DIRECTIONS >> With the pictures left out, restate exactly the part below that opens with the line containing "May include: A" and closes with the line containing "Thumbnail for Privacy in Multi-agent Systems".

RECORDS FOR THE EXERCISE >>

- - - - - - -

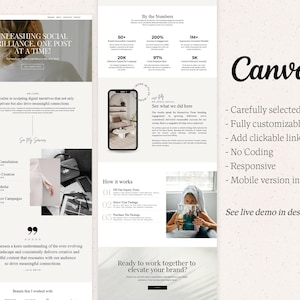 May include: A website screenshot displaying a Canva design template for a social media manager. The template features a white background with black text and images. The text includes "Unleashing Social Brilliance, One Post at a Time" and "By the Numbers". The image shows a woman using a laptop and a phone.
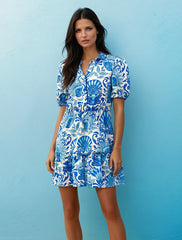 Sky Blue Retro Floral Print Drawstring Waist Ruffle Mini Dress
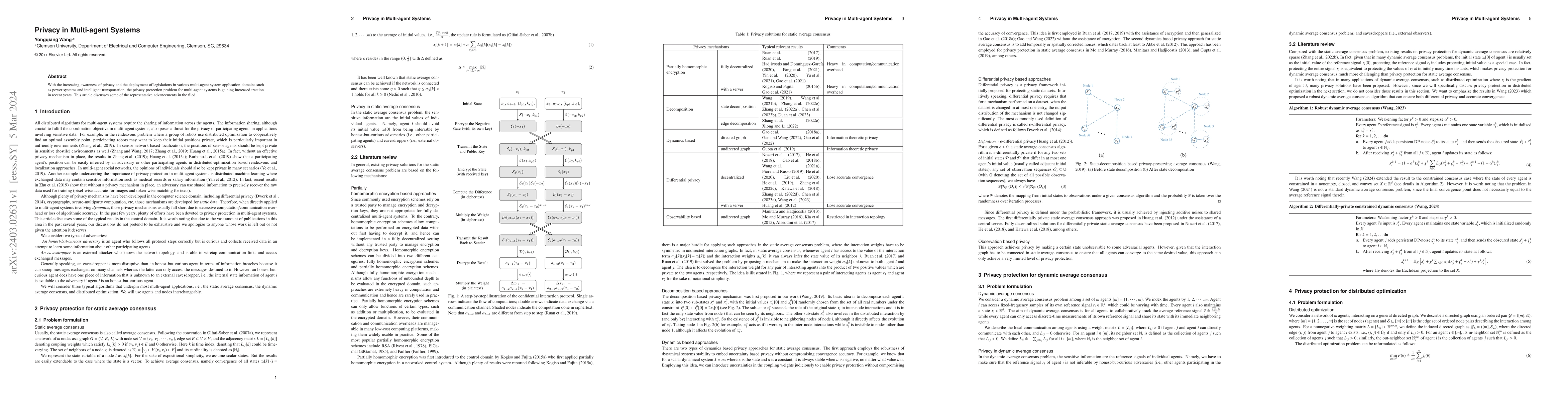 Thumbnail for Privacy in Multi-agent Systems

- - - - - - -

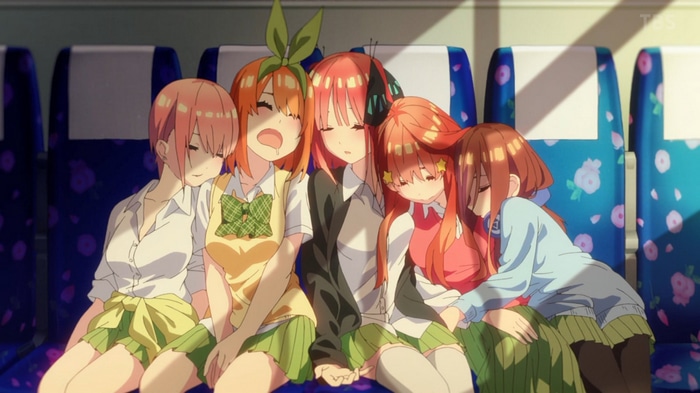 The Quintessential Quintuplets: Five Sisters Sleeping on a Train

- - - - - - -

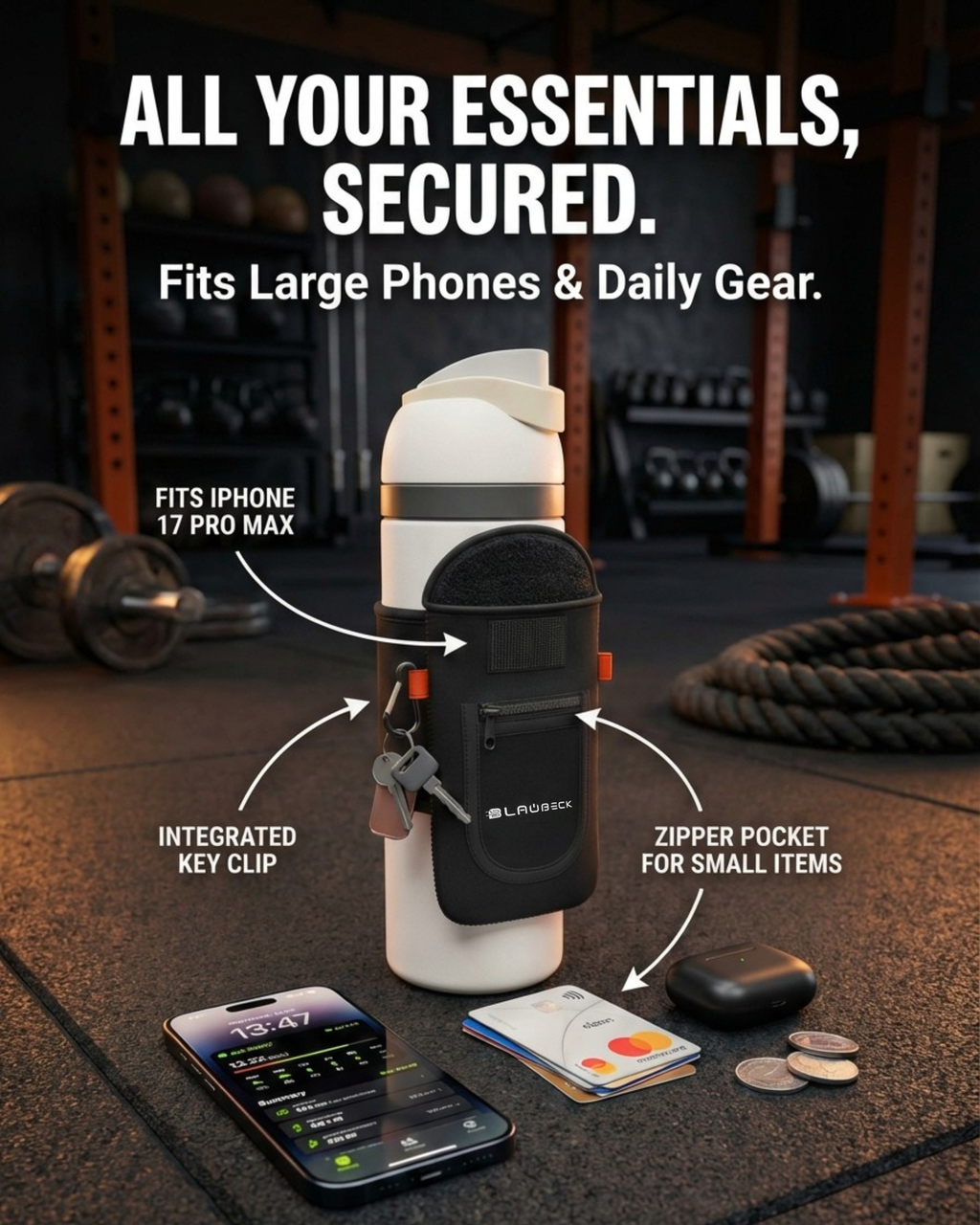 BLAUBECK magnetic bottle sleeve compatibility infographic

- - - - - - -

OUTPUT OF THE EXERCISE >>
 May include: A website screenshot displaying a Canva design template for a social media manager. The template features a white background with black text and images. The text includes "Unleashing Social Brilliance, One Post at a Time" and "By the Numbers". The image shows a woman using a laptop and a phone.
 Sky Blue Retro Floral Print Drawstring Waist Ruffle Mini Dress
 Thumbnail for Privacy in Multi-agent Systems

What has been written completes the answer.